How often and how much to water your plants depends on the age of your plants, the type of plants you’re growing, and the conditions inside your home.

Newly planted seeds and plants that have just sprouted will need watered pretty much daily to make sure the soil stays moist. Once the seedlings begin to grow, you can slowly extend the time between waterings and water when the top few inches of the soil feel dry.

If your home is typically warm, low in humidity, and your plants are in a sunny spot, you’ll need to water them more frequently. On the other hand, plants that are in homes with cooler temperatures, higher humidity levels, and in shadier spots won’t need quite as much water.

How do you know when it’s time to water? You can either use a soil moisture meter or you can use your finger. If you stick a finger in the soil and it comes out with dirt on it, your plants don’t need any water. However, if your finger comes out clean, it’s time to water your plants.

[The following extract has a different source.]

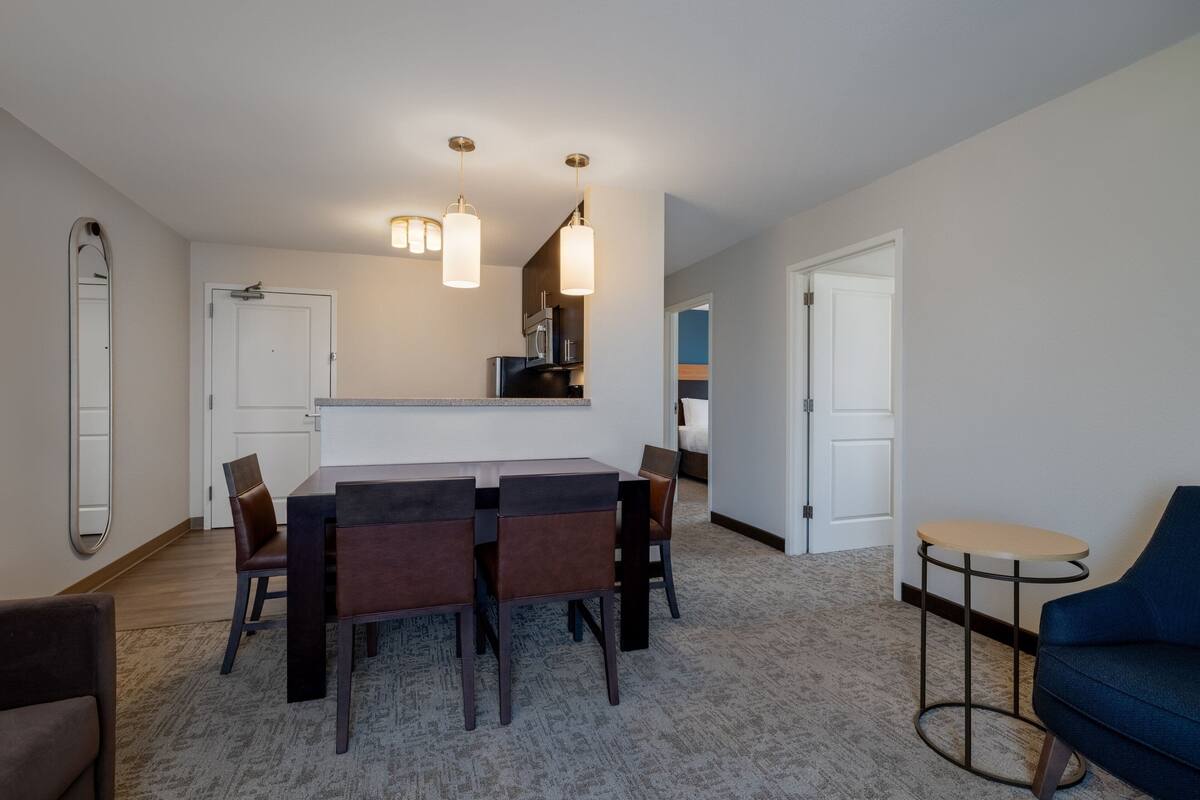 A modern kitchen with dark countertops, a dining area with a rectangular table and chairs, and a small round table with a blue chair.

Related: The Important Reasons Why You Should Use a Garden Hose Water Filter

8. Fertilize Your Indoor Garden

Since your indoor garden is growing in pots, it won’t be getting the necessary nutrients that outdoor gardens can sometimes naturally get. This means you’ll have to occasionally fertilize your plants.

If you used potting soil that had fertilizer already mixed in, or you added some when you first planted your seeds, check the packaging to see how long it will last. Then you’ll know when to add your first dose. You can also watch your plants for signs of nutrient deficiencies, such as stunted growth or pale leaves.

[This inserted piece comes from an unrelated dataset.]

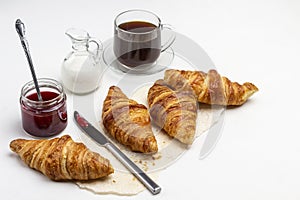 Croissants and knife on paper. Cup of coffee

I recommend going with an organic fertilizer designed for edible fruit and vegetable plants. If you’re using a powder fertilizer, simply mix the necessary amount in the watering can and water your plants as usual.

On the other hand, if you decide to use a granule fertilizer, make several 2-inch deep holes about 1 to 3 inches apart around the pot. Then sprinkle the fertilizer right into the holes, cover with soil, and water.

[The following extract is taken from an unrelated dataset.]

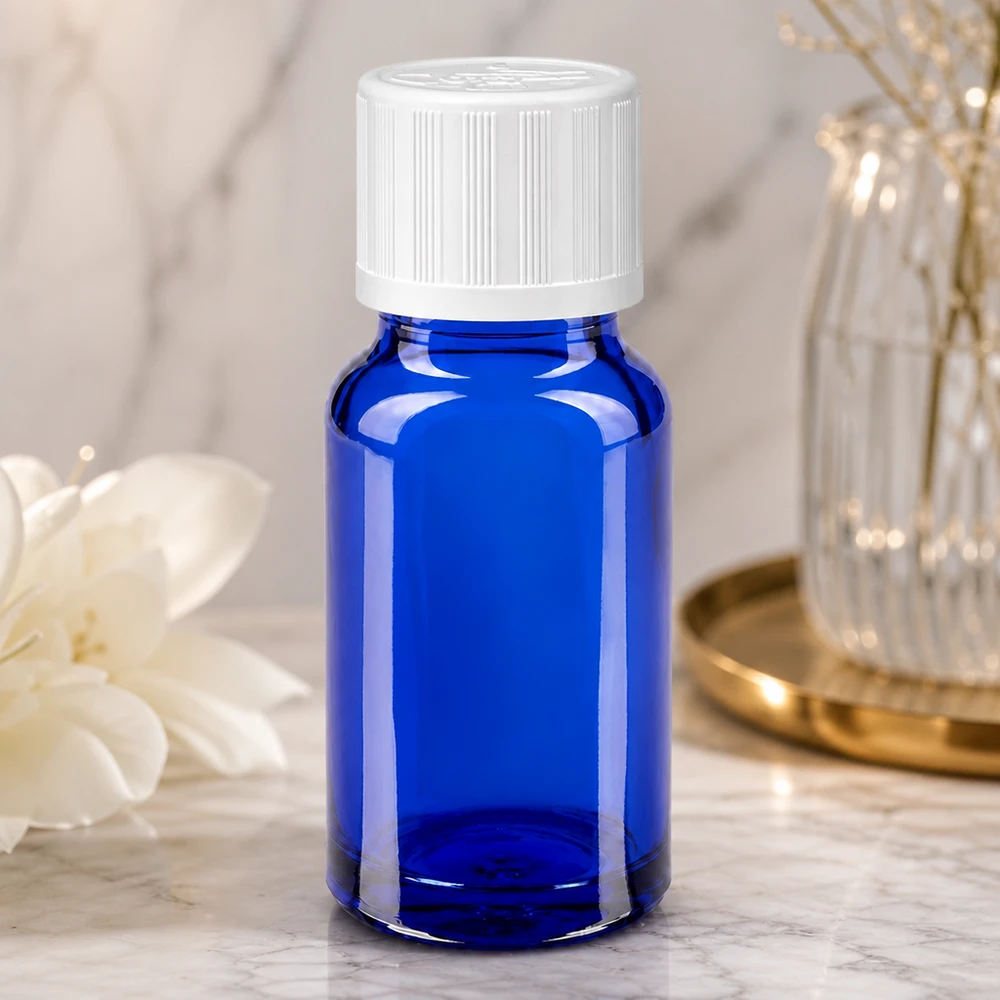 Blaue 10ml Tropfflasche aus Glas mit weißem Kindersicherheitsverschluss Seitenansicht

9. Make Sure Your Plants Get Enough Sun

Different plants have different sunlight requirements. If the type of plant you’re growing requires full sun, it needs about 6 hours of direct sunlight per day.

It might be hard to get that amount of light in houses that get a lot of shade and indoor gardens grown in winter. If so, you might need to install some full spectrum grow lights so your plants get enough sun.

Related: 15 Vegetables Plants You Can Grow in Winter

If your plants require moderate sunlight, they should get 4 hours of direct light a day. Plants that need indirect sunlight should always be kept a few feet away from a window so they don’t get too much sun.

10. Don’t Give Up

When you start your indoor garden, don’t get discouraged if your lettuce looks droopy or your tomato plant doesn’t produce any fruit. Gardening takes practice whether you’re doing it inside or outside.

Everyone who gardens has plants that die. It’s just a part of the learning process.

The important thing is that you don’t give up. If something doesn’t work, make an attempt to figure out what went wrong and try again.

Related: 10 Air-Purifying Houseplants Even You Can Keep Alive!

A Guide to Indoor Gardening for Beginners

Thanks to this guide on indoor gardening for beginners, you know the best plants for an indoor garden and how to start an indoor garden. Now it’s time to get growing and enjoy all those fresh fruits and vegetables throughout the year!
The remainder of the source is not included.